Antisemitische Motive vermutet Empörung nach Angriff auf Abgeordneten in Finnland

In wenigen Tagen wählen die Finnen ein neues Parlament. Ein Abgeordneter wurde nun im Wahlkampf geschlagen und zu Boden gerungen. Die Tat hat offenbar einen antisemitischen Hintergrund.
Wahlwerbung in Helsinki: »Angriff auf die Demokratie«

Wahlwerbung in Helsinki: »Angriff auf die Demokratie«

Foto: KIMMO BRANDT / EPA

Der Angreifer äußerte sich negativ über die Nato und das Judentum: In Helsinki ist ein finnischer Abgeordneter attackiert und zu Boden gerungen worden. Präsident Sauli Niinistö und Regierungschefin Sanna Marin kritisierten am Samstag den Angriff scharf.

Der konservative Parlamentarier Ben Zyskowicz stand am Samstag an der Metrostation Itäkeskus in der finnischen Hauptstadt, als ihn ein Mann zwischen 30 und 40 Jahren beschimpfte und drohte, ihn zu töten. Mehrere finnische Medien berichteten über den Vorfall. Der Angreifer habe sich negativ über die geplante Nato-Mitgliedschaft Finnlands und das Judentum geäußert, wie Zyskowicz erklärte. Danach habe er ihn geschlagen. Es kam zu Handgreiflichkeiten, Zyskowicz stürzte zu Boden, wie seine Wahlhelfer auf Fotos festhielten. Die Bilder zeigen Zyskowicz am Boden und Flugblätter, mutmaßlich für den finnischen Wahlkampf.

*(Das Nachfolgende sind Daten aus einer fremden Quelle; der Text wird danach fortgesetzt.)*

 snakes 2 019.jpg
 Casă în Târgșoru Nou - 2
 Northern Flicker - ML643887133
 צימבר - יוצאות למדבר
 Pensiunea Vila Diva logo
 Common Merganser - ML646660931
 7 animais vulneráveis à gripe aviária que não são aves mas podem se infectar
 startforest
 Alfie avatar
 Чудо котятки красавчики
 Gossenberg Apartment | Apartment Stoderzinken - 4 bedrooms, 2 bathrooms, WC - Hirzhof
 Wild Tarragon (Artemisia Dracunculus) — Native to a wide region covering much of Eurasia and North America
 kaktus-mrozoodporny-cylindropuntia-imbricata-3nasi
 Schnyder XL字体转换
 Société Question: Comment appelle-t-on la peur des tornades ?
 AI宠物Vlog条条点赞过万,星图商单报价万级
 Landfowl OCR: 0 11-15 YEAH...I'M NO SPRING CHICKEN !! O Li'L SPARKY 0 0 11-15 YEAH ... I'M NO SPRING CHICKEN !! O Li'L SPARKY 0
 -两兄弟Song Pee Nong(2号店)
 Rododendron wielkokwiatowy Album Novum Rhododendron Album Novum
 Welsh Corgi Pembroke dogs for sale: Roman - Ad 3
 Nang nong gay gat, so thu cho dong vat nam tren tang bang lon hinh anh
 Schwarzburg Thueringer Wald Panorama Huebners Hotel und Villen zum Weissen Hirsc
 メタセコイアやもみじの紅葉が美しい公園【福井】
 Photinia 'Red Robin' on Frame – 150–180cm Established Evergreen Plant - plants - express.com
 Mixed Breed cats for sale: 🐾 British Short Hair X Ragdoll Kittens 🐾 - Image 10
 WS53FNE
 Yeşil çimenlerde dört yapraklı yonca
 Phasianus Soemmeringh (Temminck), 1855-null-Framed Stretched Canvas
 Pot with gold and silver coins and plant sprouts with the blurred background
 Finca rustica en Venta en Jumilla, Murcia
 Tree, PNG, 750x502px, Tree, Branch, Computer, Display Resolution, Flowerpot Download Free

Zyskowicz hat selbst jüdische Wurzeln, seine Großmutter starb nach seiner Aussage im Konzentrationslager Sachsenhausen. Der 68-Jährige sitzt seit Jahrzehnten im finnischen Parlament. Marin nannte die Attacke »schockierend und völlig verwerflich«. »Jeder muss das Recht haben, in Frieden uohne Androhung von Gewalt Wahlkampf zu führen. Ein Angriff auf einen Kandidaten ist ein Angriff auf die Demokratie«, betonte die Regierungschefin. Präsident Niinistö sprach von einem »feigen Angriff« und einem »Affront gegen die Demokratie«.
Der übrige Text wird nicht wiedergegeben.